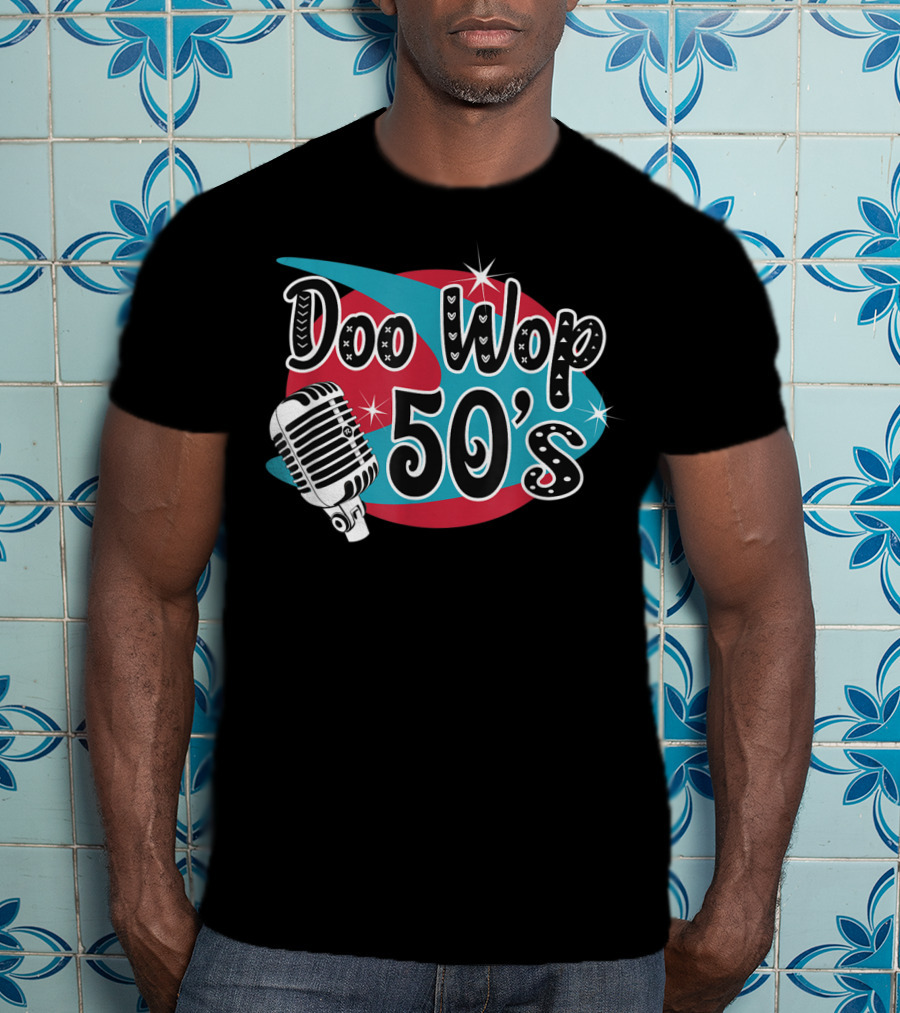 Doo Wop 50's Retro Microphone Sock Hop Rockabilly T-Shirt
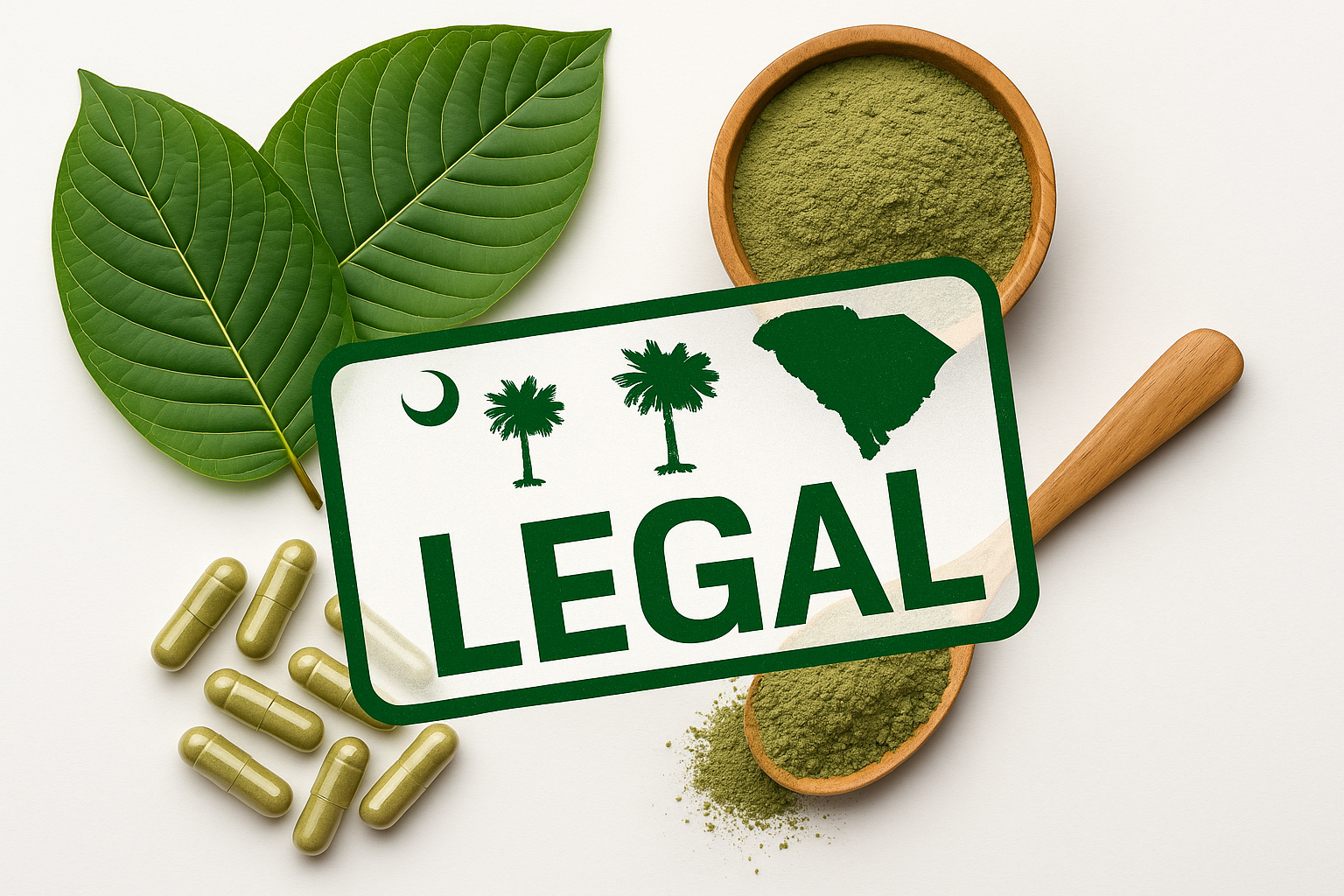 Create a 1024x1024 square image showing various kratom products (capsules, powder, leaves) arranged professionally with a "LEGAL" stamp over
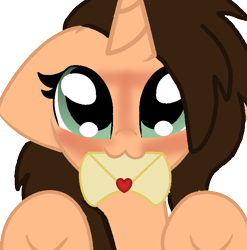 Size: 752x760 | Tagged: safe, artist:lynnthenerdkitty, imported from derpibooru, oc, oc:small brooke, pony, unicorn, :3, blushing, holiday, looking at you, mouth hold, underhoof, valentine's day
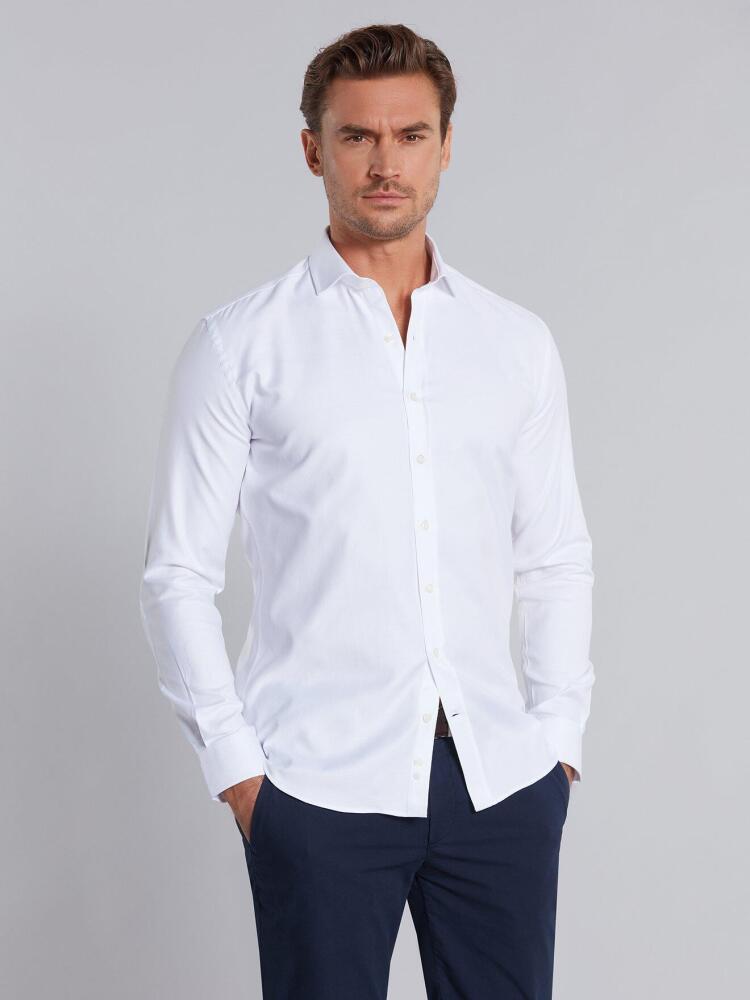 Chemise Miles texturée blanche Chemises Homme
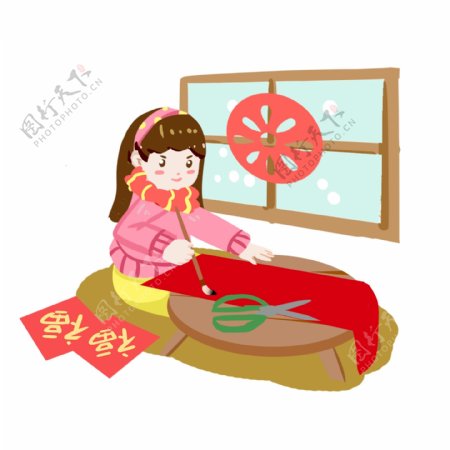 春节传统习俗贴窗花写对联手绘插画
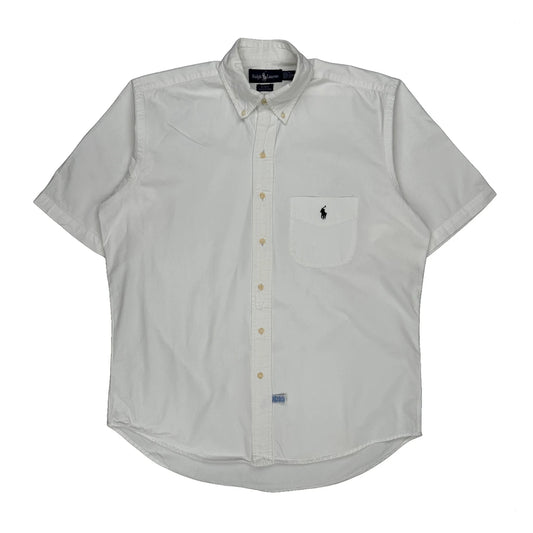 Vintage Ralph Lauren Short Sleeve Shirt - Medium White Cotton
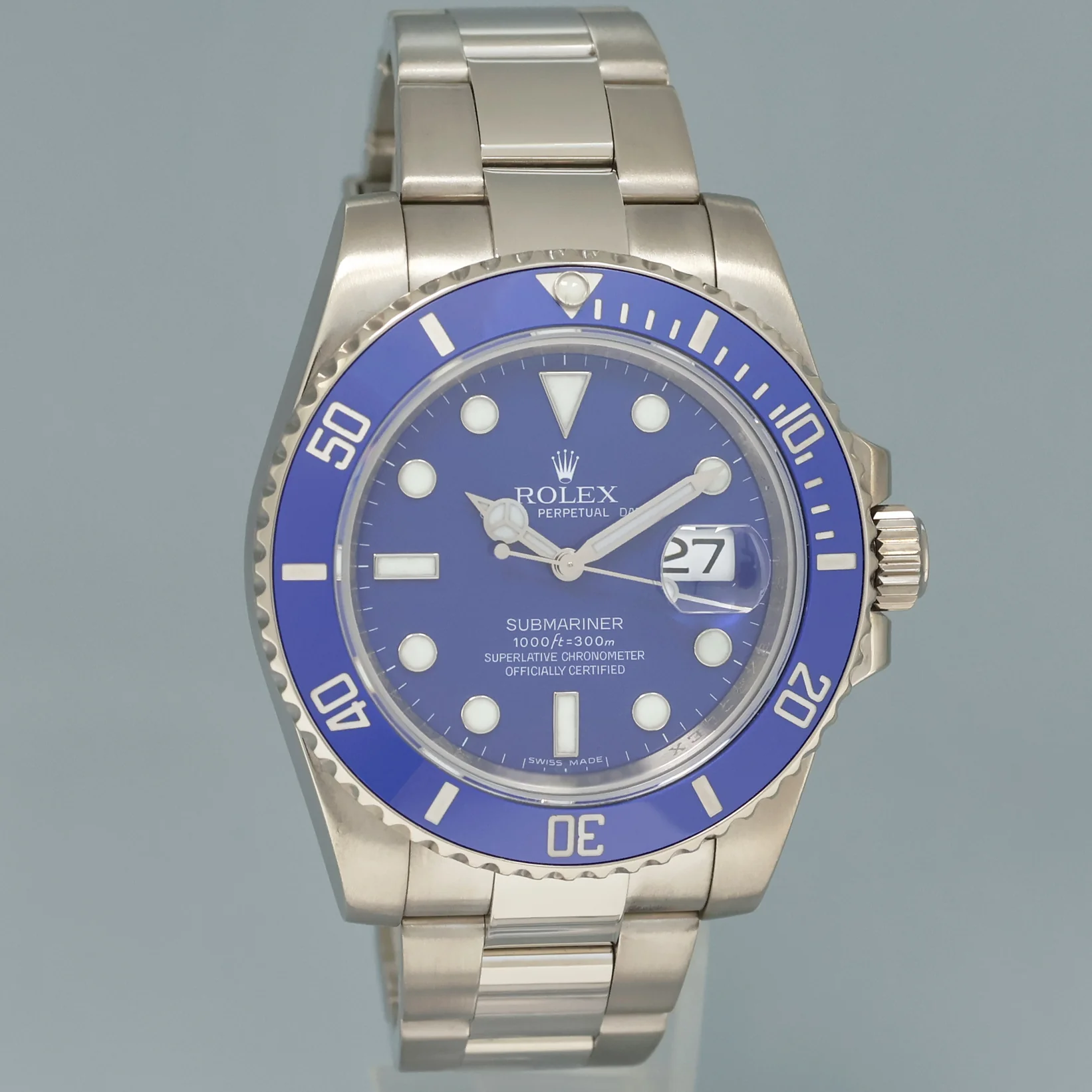 MINT Rolex Submariner Smurf 116619 White Gold Blue 40mm Ceramic Watch Box - Image 3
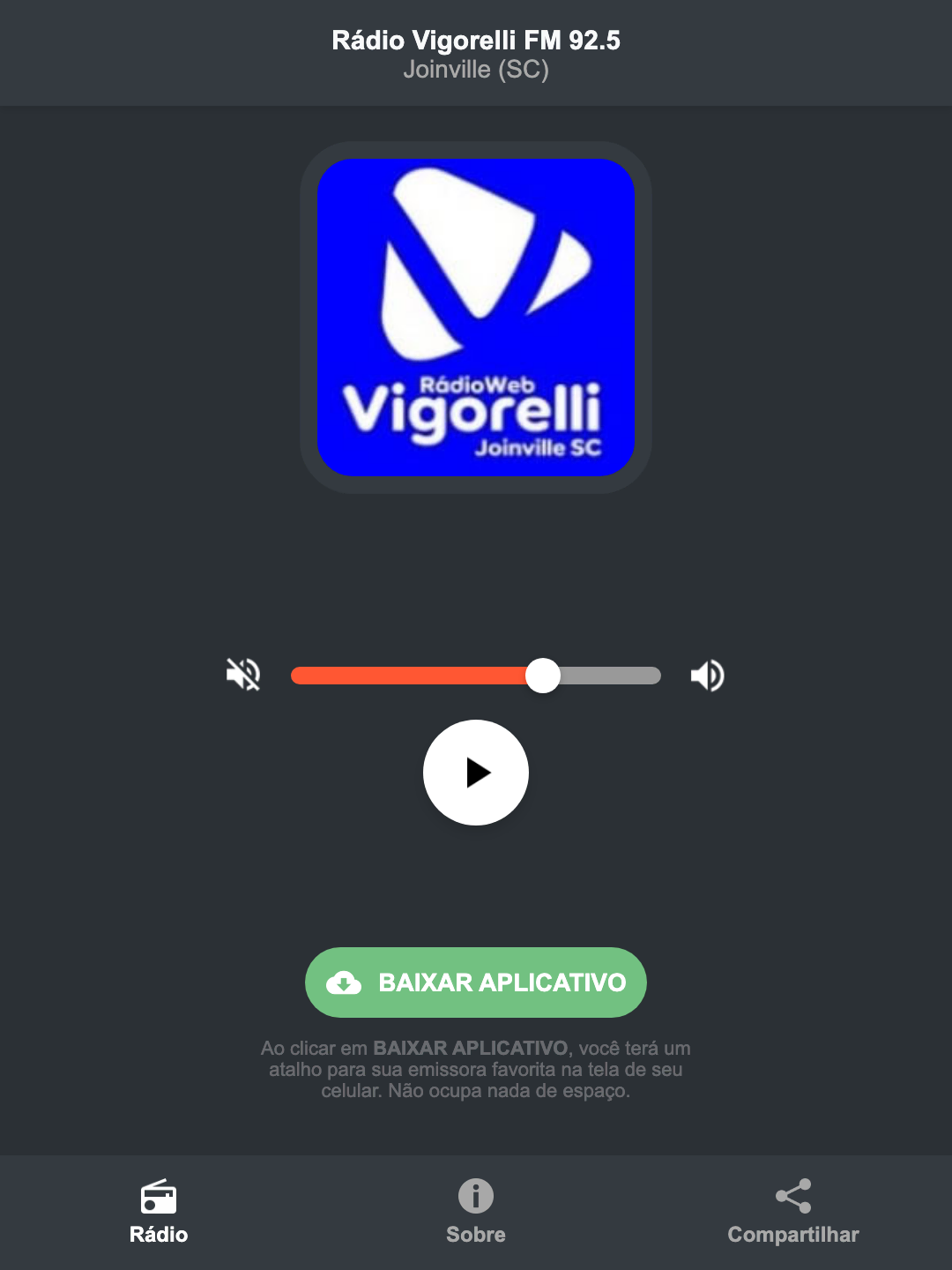 Screenshot do aplicativo da Rádio Vigorelli FM 92.5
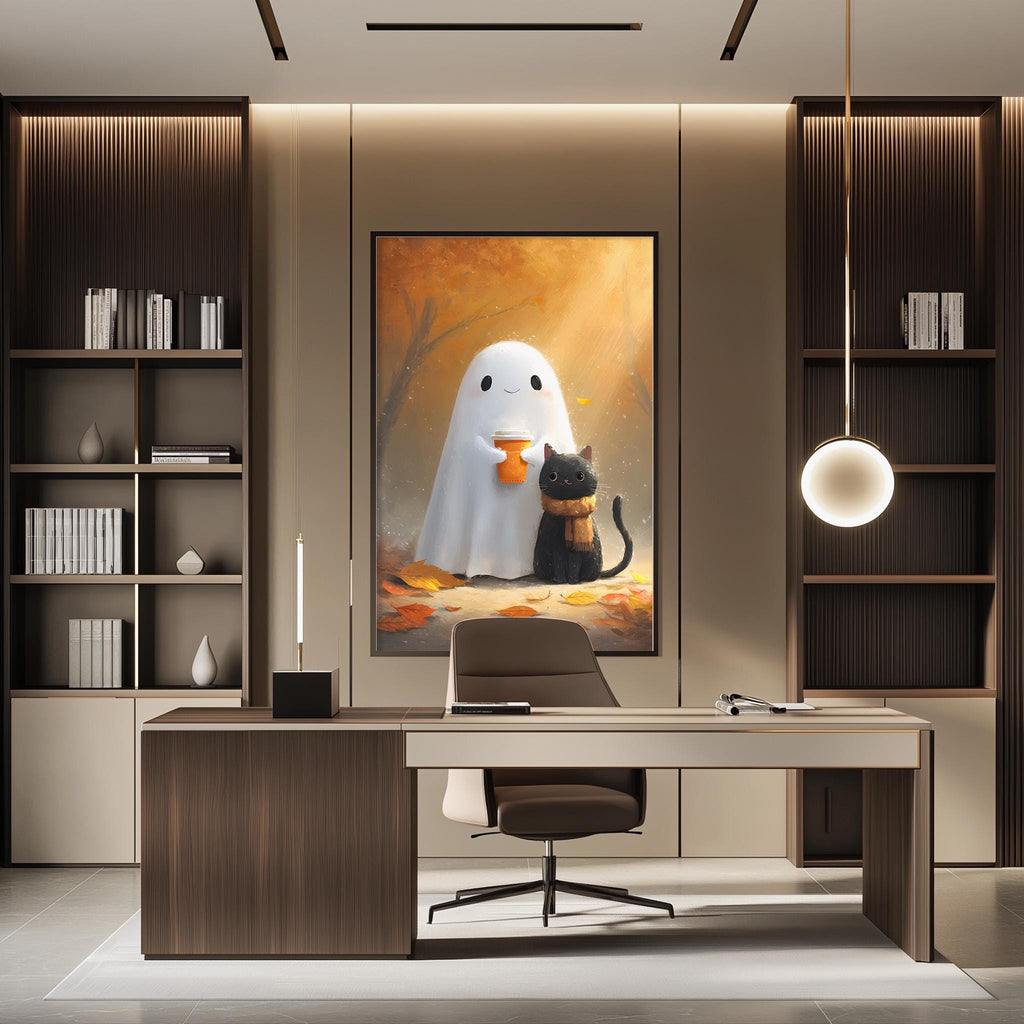 a modern office space with a large framed artwork of a ghost and a cat on the wall. The office has a wooden desk, a chair, and a bookshelf filled with books. The overall design and decor create a cozy and inviting atmosphere.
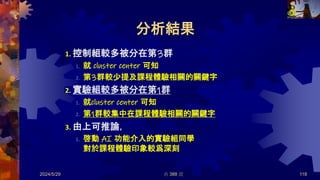 分析結果
1. 控制組較多被分在第3群
1. 就 cluster center 可知
2. 第3群較少提及課程體驗相關的關鍵字
2. 實驗組較多被分在第1群
1. 就cluster center 可知
2. 第1群較集中在課程體驗相關的關鍵字
3. 由上可推論，
1. 啓動 AI 功能介入的實驗組同學
對於課程體驗印象較爲深刻
2024/5/29 共 388 頁 118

Exercise brief -
Count the lines above that contain the word "center", and reply with only that number.

Your solution -
2